Couple of interesting posts out there on the theme of Fianna Fáil’s latest moves to organise in the North, which I picked up at OurKingdom on Sunday.
Mick Fealty has sparked a lively debate on Slugger by asks whether the names of the party’s two new cumainn signify an intent to reach out to Northern Protestants. Back at OK, Conn Corrigan looks at the possible wider impact on the Northern party system.
Sinn Féin’s response to the latest developments, in a speech by Senator Pearse Doherty, is also worth noting:
“This weekend Fianna Fáil announced that they have registered as a party in
the Six Counties. It will take far more than a bit of paper from the
Electoral Commission to make them an all-Ireland party.

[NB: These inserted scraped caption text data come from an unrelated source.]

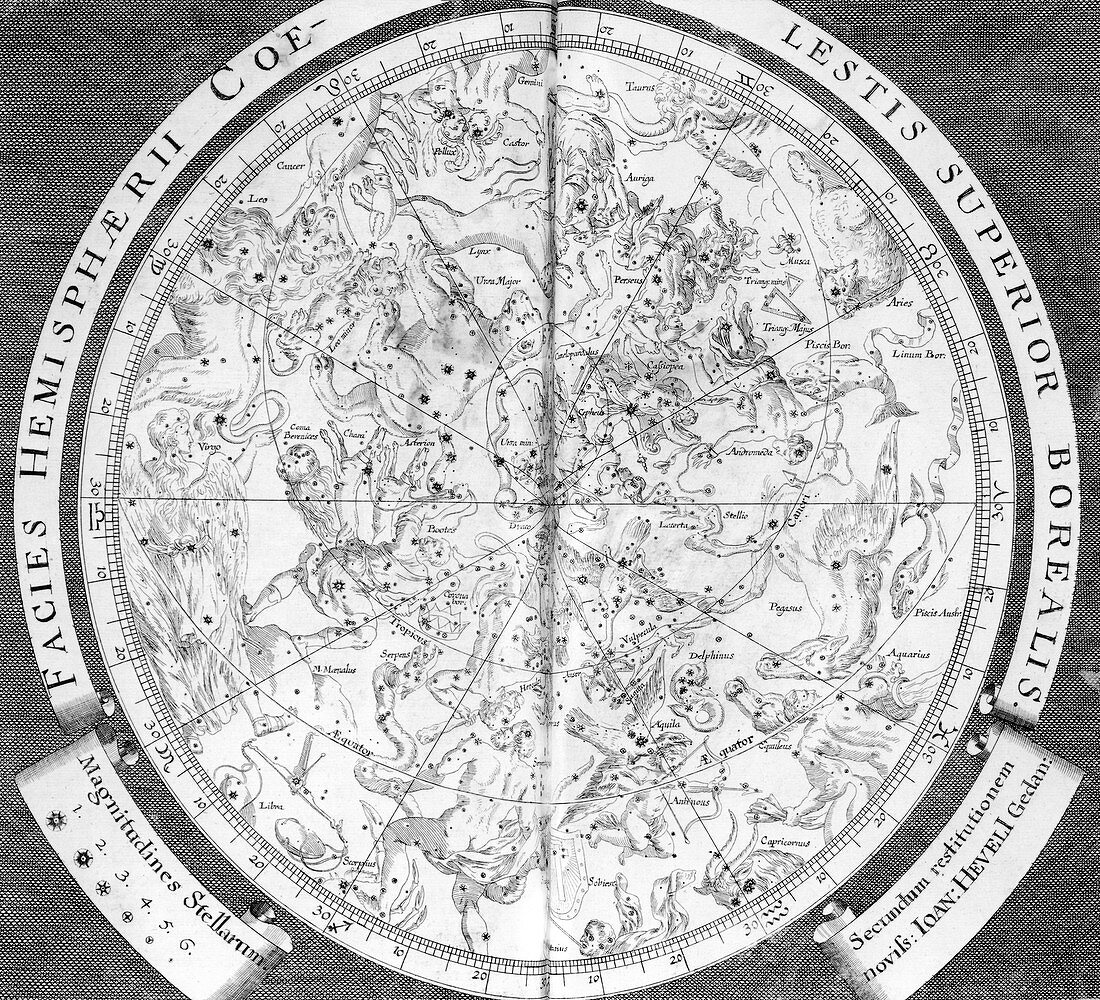 Northern constellations,1696 artwork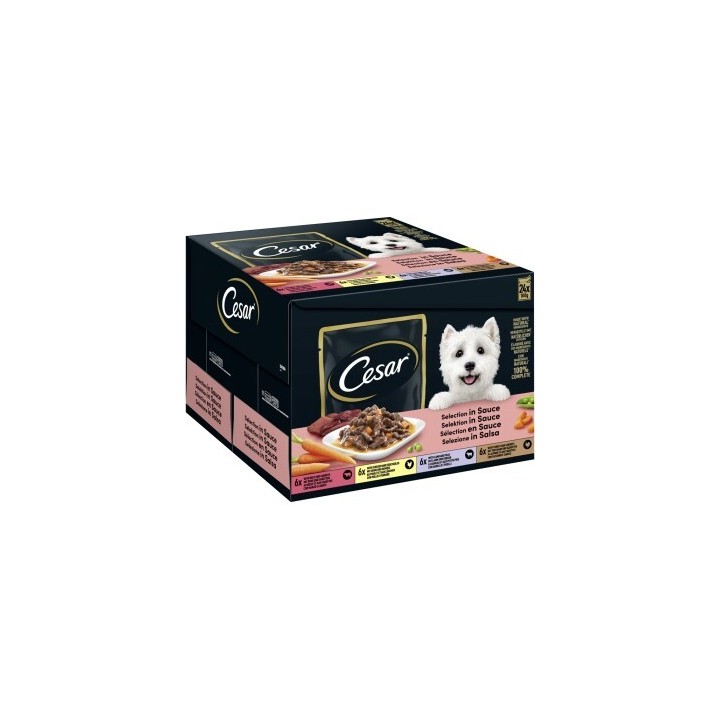 Cesar Feines im Frischebeutel in Sauce Multipack 24x100g
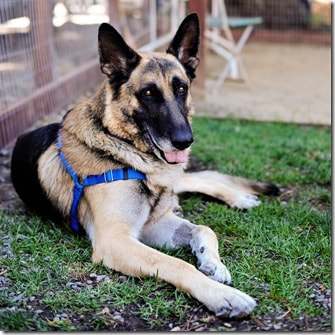 Lily's Legacy Senior Dog Sanctuary Featured Dog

If Fianna Fáil are
truly to become an all-Ireland party and move beyond a rhetorical position
on Irish re-unification If they are really interested in Irish unity they
need to begin the practical preparations now.
“2016 shouldn’t just be about commemorating our past, it should be about
shaping the future. And that means more than lofty speeches. It means
expanding the work of the All Ireland Ministerial Council, it means removing
the impediments to all Ireland economic development, it means northern
representation in the Oireachtas, it means putting in place a practical
strategy for re-unification. Only time will tell how serious they
really are. And we will see what position they take on the measures we
will be putting forwad in the Dáil and Seanad on preparing for unity and
independence." (Sinn Féin press release)
No doubt, if Fianna Fáil does build up a significant organisation in the North, their own members will be raising some of those issues.